== MATERIAL FOR THE TASK

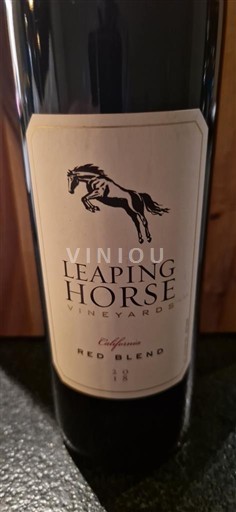 Kalifornijske AVA Ni doloceno Leaping Horse Vineyards Red Blend 2020
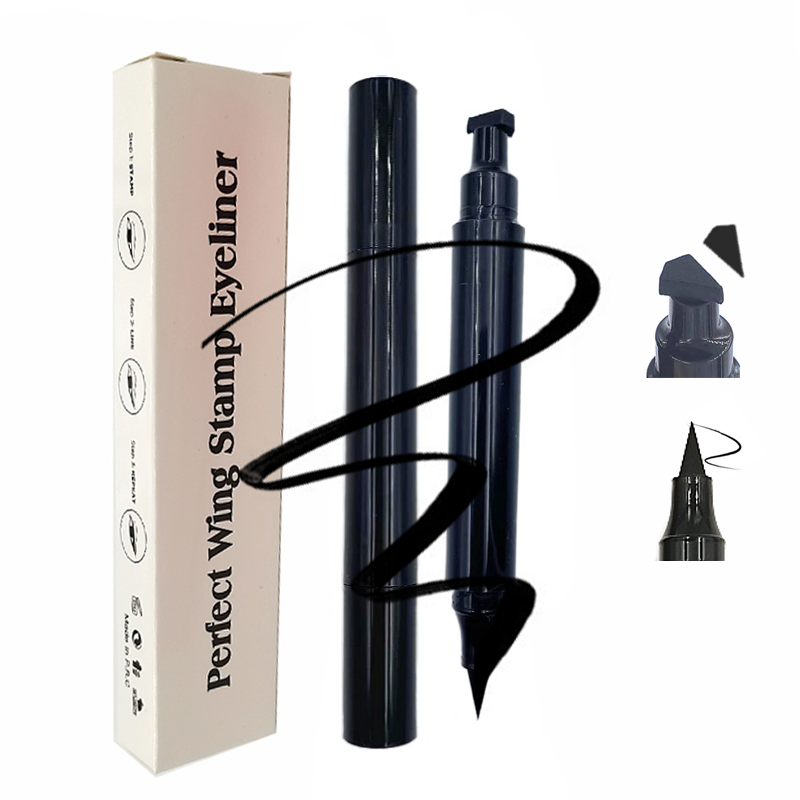 New Cat Eye Eyeliner 3 in 1 Double-headed Stamps Cosmetic Flick Stick Wing Tip Stamp Eyeliner Eraser Pen Private Label Liquid
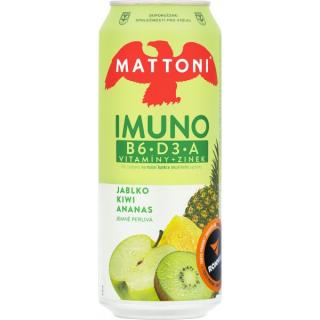 Mattoni Imuno - 500 ml, mango-pomeranč Barva: jablko-kiwi-ananas, Velikost: 500 ml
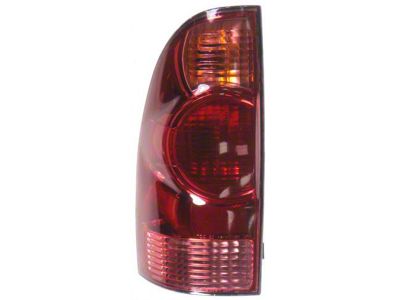 Tail Light; Chrome Housing; Red Lens; Driver Side (05-08 Tacoma)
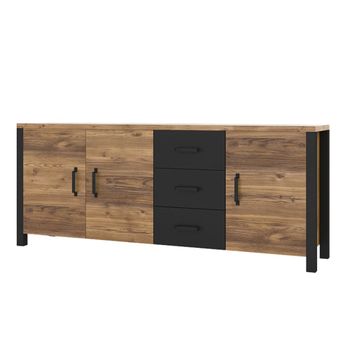 Bufé 3 puertas 3 cajones tableros de aglomerado laminados madera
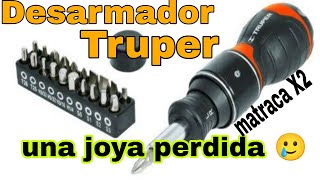 DESARMADOR TRUPER DE DOBLE MATRACA [upl. by Aenea]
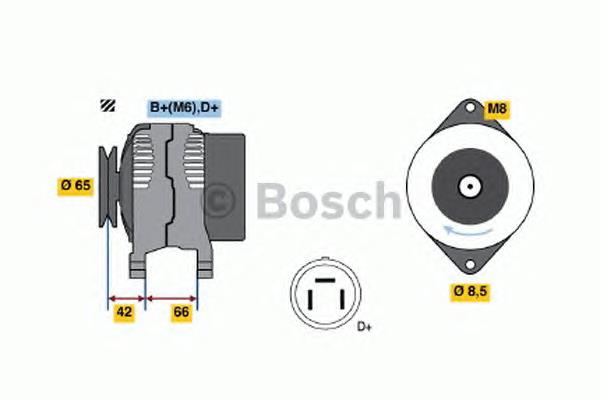 0123115012 Bosch alternador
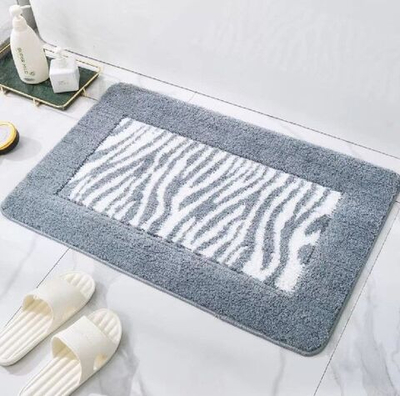 Коврик на пол для ванной и туалета противоскользящий 50х80, ковер для спальни и дома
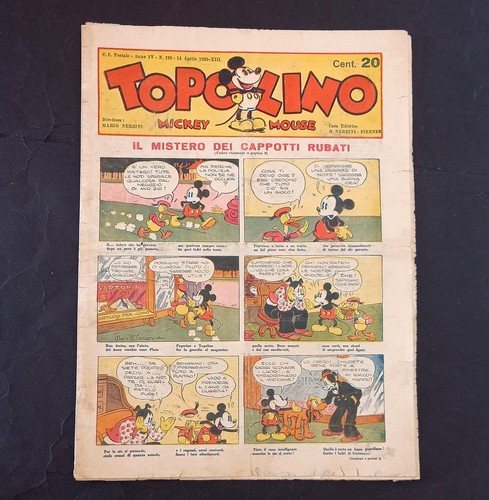 Topolino giornale 120 - topolino,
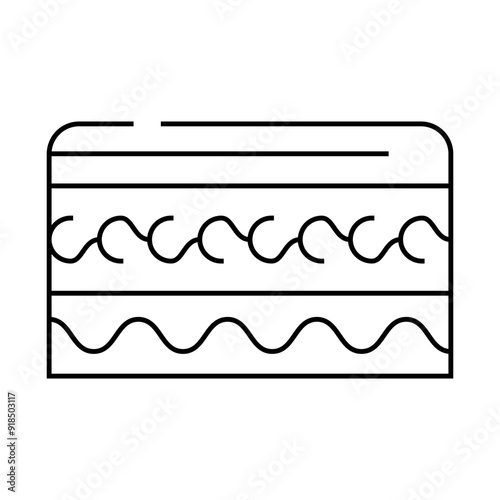 traditional african hat line icon vector. traditional african hat sign. isolated contour symbol black illustration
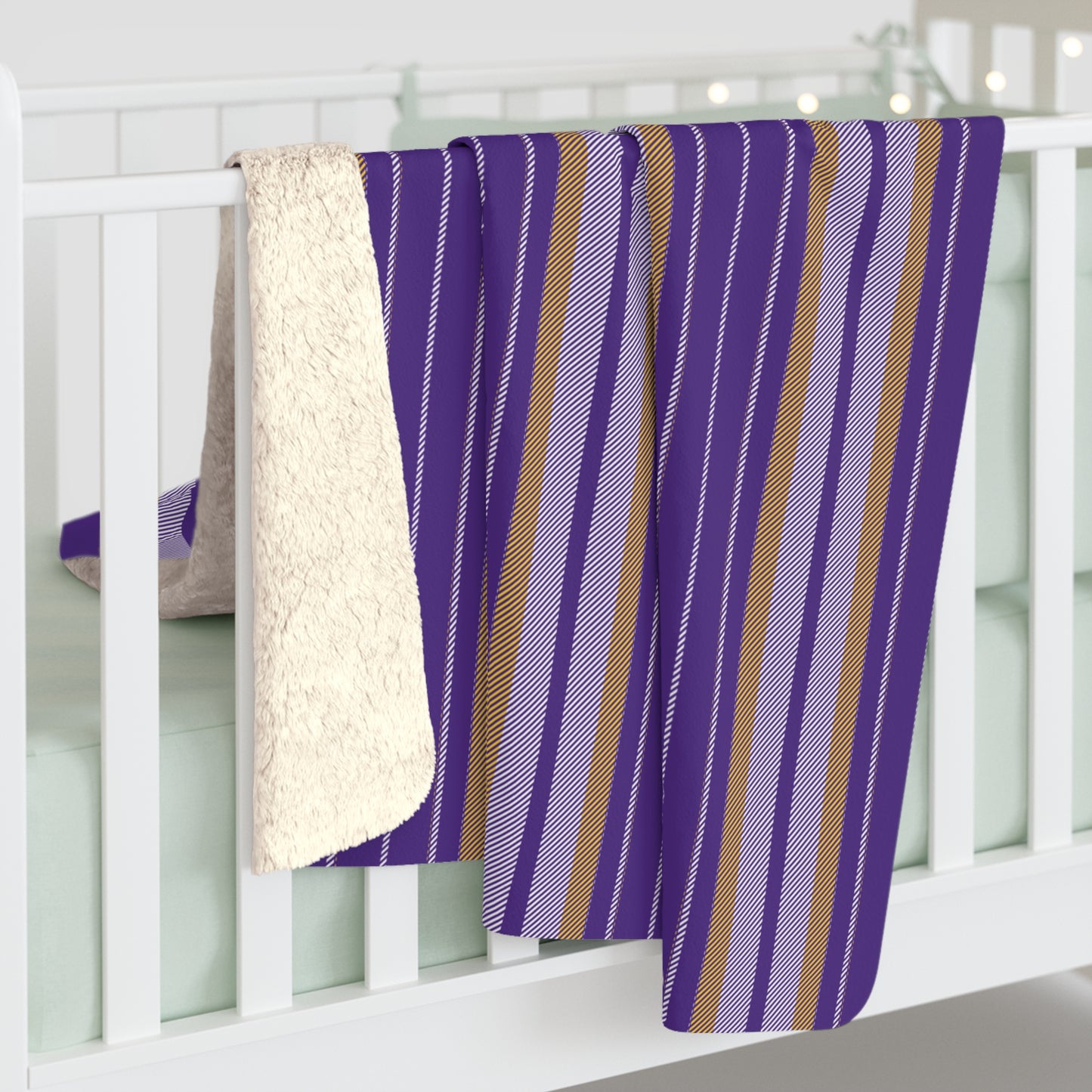 Sherpa Blanket | Baton Rouge, Louisiana | Stripe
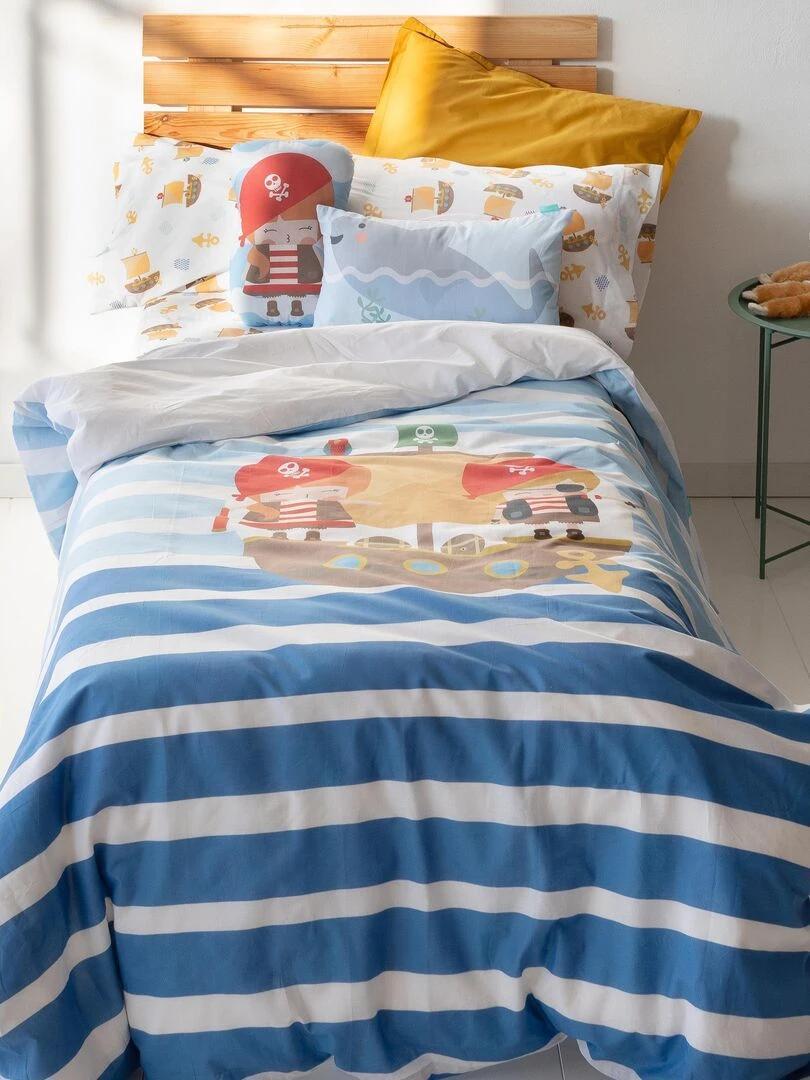 Parure housse de couette 2 pièces Pirate ship "Happyfriday" Blanc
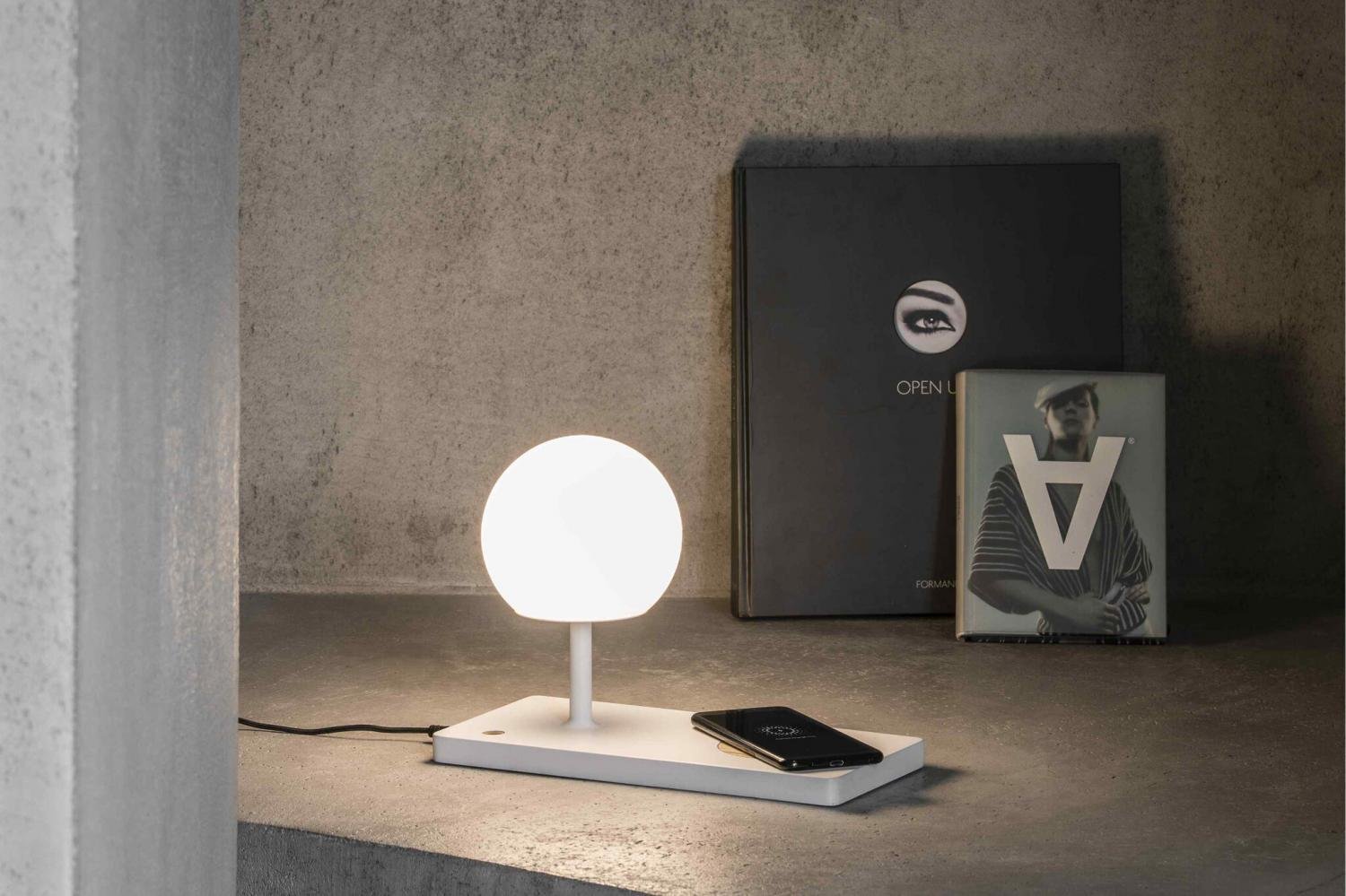 FARO 01025A NIKO PC bílá stolní lampa, PC difuzor - FARO (obrázek 2)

====

Reproduce every record verbatim, please. Omit the images.

 Kalifornijske AVA Ni doloceno Leaping Horse Vineyards Red Blend 2020
 New Cat Eye Eyeliner 3 in 1 Double-headed Stamps Cosmetic Flick Stick Wing Tip Stamp Eyeliner Eraser Pen Private Label Liquid
 Mattoni Imuno - 500 ml, mango-pomeranč Barva: jablko-kiwi-ananas, Velikost: 500 ml
 Tail Light; Chrome Housing; Red Lens; Driver Side (05-08 Tacoma)
 Bufé 3 puertas 3 cajones tableros de aglomerado laminados madera
 DESARMADOR TRUPER DE DOBLE MATRACA [upl. by Aenea]
 0123115012 Bosch alternador
 Коврик на пол для ванной и туалета противоскользящий 50х80, ковер для спальни и дома
 Topolino giornale 120 - topolino,
 traditional african hat line icon vector. traditional african hat sign. isolated contour symbol black illustration
 Sherpa Blanket | Baton Rouge, Louisiana | Stripe
 Parure housse de couette 2 pièces Pirate ship "Happyfriday" Blanc
 FARO 01025A NIKO PC bílá stolní lampa, PC difuzor - FARO (obrázek 2)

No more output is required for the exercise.